Given Farley's affirmative acquiescence in the decision to board the "Carol," his active participation in the actual boarding, and his apparent compliance with his supervisor's instructions not to engage in any action unauthorized by Coast Guard regulations or federal statute, the district court's finding that Farley boarded in the capacity of a Coast Guardsman is not clearly erroneous. This Court has upheld under the Coast Guard boarding statute, 14 U.S.C.A. Sec. 89(a), the boarding of American vessels on the high seas in joint operations involving Coast Guard officers and other federal employees. See United States v. Shelnut, 625 F.2d 59, 62 (5th Cir.1980) (Coast Guard and Customs officers), cert. denied, 450 U.S. 983, 101 S.Ct. 1520, 67 L.Ed.2d 818 (1981); United States v. Warren, 578 F.2d at 1066-67 (Coast Guard, Customs and Drug Enforcement Agency officers); United States v. Hillstrom, 533 F.2d 209, 211 (5th Cir.1976) (Coast Guard and Customs officers), cert. denied, 429 U.S. 1038, 97 S.Ct. 734, 50 L.Ed.2d 749 (1977).


Defendants' reliance on United States v. Guillen-Linares (Guillen-Linares II), 643 F.2d 1054 (5th Cir.1981), in which the former Fifth Circuit invalidated a boarding conducted by Coast Guardsmen under the direction of Customs, is misplaced because the district court in Guillen-Linares expressly found that the Coast Guard officers were "acting in the capacity of Customs agents rather than Coast Guardsmen." Id. at 1056. While only Coast Guardsmen boarded in Guillen-Linares, Customs completely directed the actions of the Coast Guard officers who knew little of the operation. Customs, which had been working on the case for some time, merely informed the Coast Guard that it might need the latter's aid later that day in a possible boarding. Customs never explained to Coast Guard officers the facts underlying its suspicion that the vessel involved contained illegal drugs.

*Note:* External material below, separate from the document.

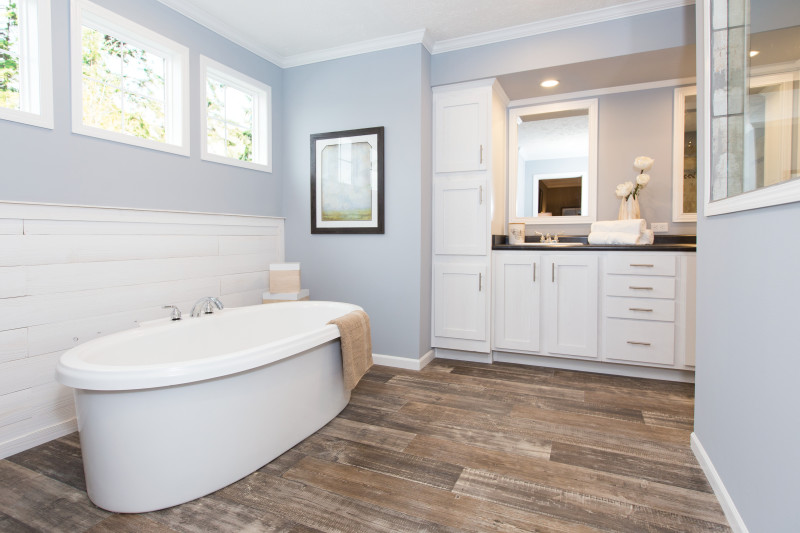 master bathroom with drop in soaker tub, blue walls, white tile accent wall and white cabinets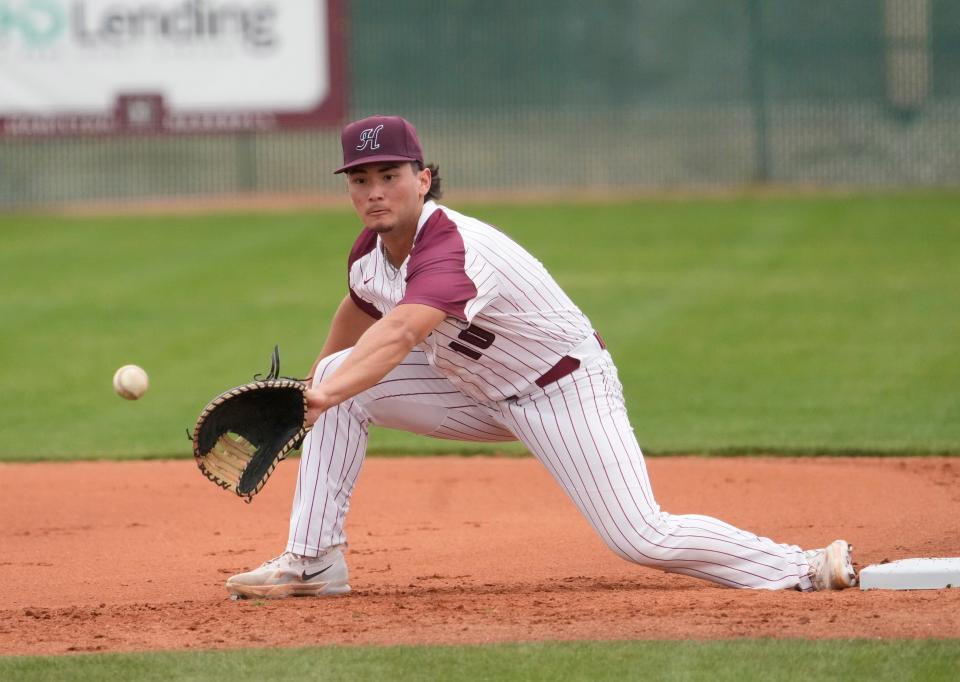 Hamilton first baseman Liam Wilson warms up before a game against Tolleson at Hamilton HS baseball field.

The Coast Guard did not begin surveillance or boarding until directed to by Customs. Guillen-Linares I, 636 F.2d at 78-79. In this case, by contrast, the district court made a contrary finding, Coast Guard Lieutenant Venckus participated in the planning of the mission, and Coast Guardsman Farley had some input in the decision to board.


Judged under the Coast Guard boarding statute, 14 U.S.C.A. Sec. 89(a), the legality of the boarding and of the subsequent search, seizure and arrest is unchallenged by any defendant. Although the district court held, and the government's brief argues, that the boarding could be sustained under Customs authority alone, we need not decide this more difficult issue.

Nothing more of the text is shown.